— Records supplied —

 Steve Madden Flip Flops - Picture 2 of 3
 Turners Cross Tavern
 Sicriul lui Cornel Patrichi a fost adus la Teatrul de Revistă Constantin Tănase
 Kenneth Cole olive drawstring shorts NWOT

---

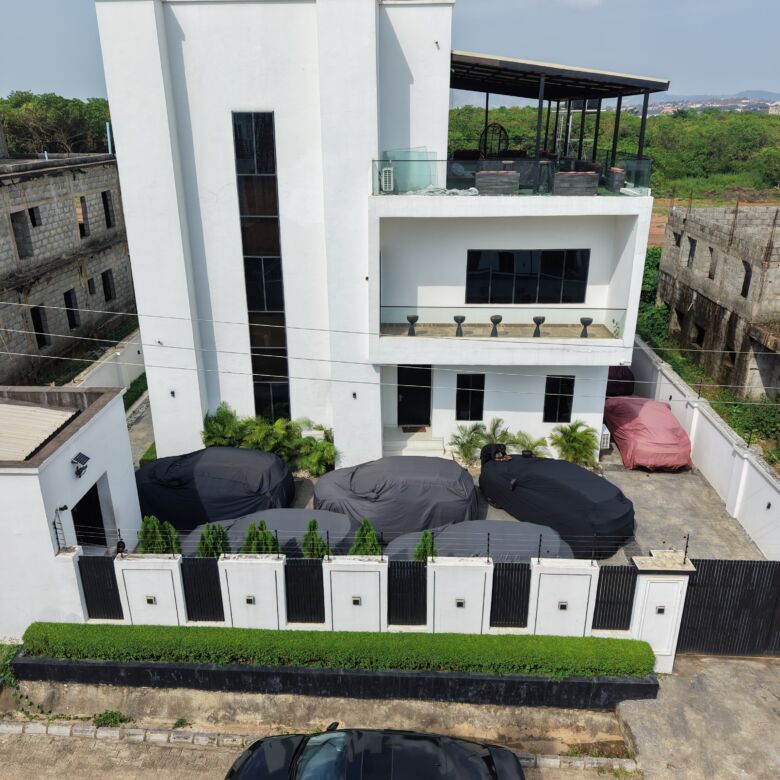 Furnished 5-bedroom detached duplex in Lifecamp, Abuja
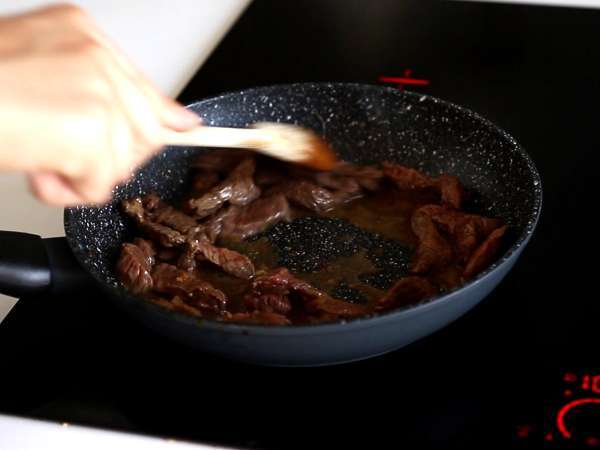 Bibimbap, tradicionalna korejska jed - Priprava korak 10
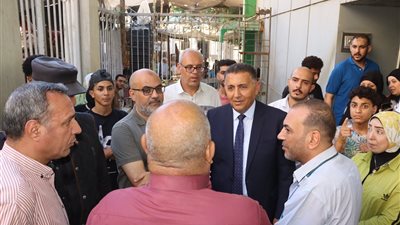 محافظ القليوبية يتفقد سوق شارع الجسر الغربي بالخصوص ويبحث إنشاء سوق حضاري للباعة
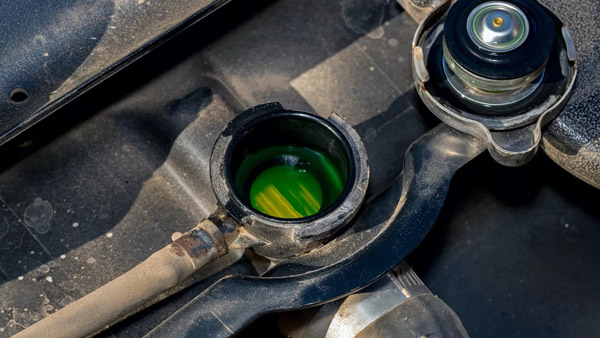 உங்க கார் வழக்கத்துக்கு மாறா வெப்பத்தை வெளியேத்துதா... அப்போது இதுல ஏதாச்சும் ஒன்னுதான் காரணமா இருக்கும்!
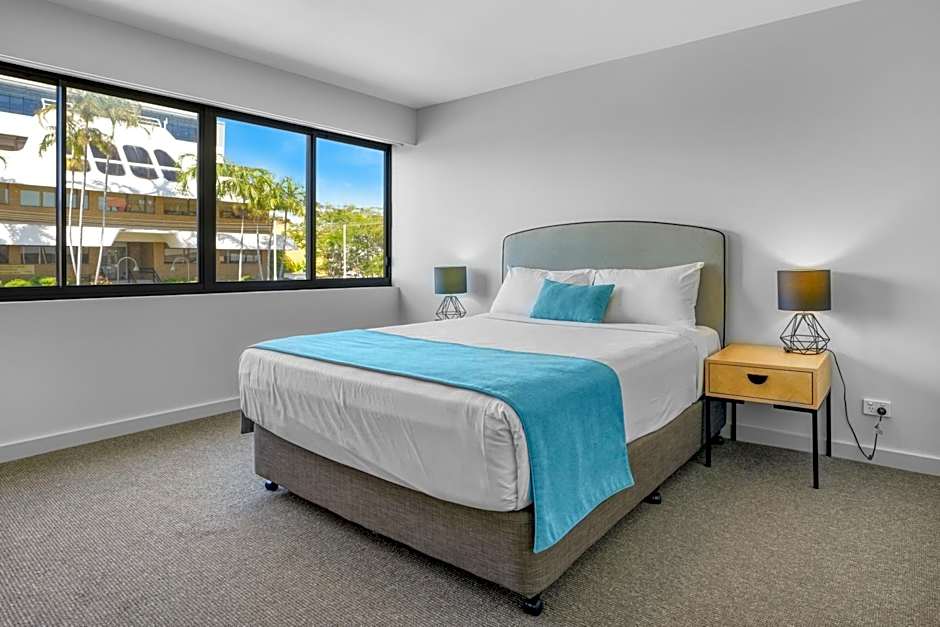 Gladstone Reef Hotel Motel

— Work item —
From the data above, reproduce word for word the lines running from the line with "Steve Madden Flip Flops - Picture 2 of 3" to the line with "Kenneth Cole olive drawstring shorts NWOT", ends included.

— Written response —
 Steve Madden Flip Flops - Picture 2 of 3
 Turners Cross Tavern
 Sicriul lui Cornel Patrichi a fost adus la Teatrul de Revistă Constantin Tănase
 Kenneth Cole olive drawstring shorts NWOT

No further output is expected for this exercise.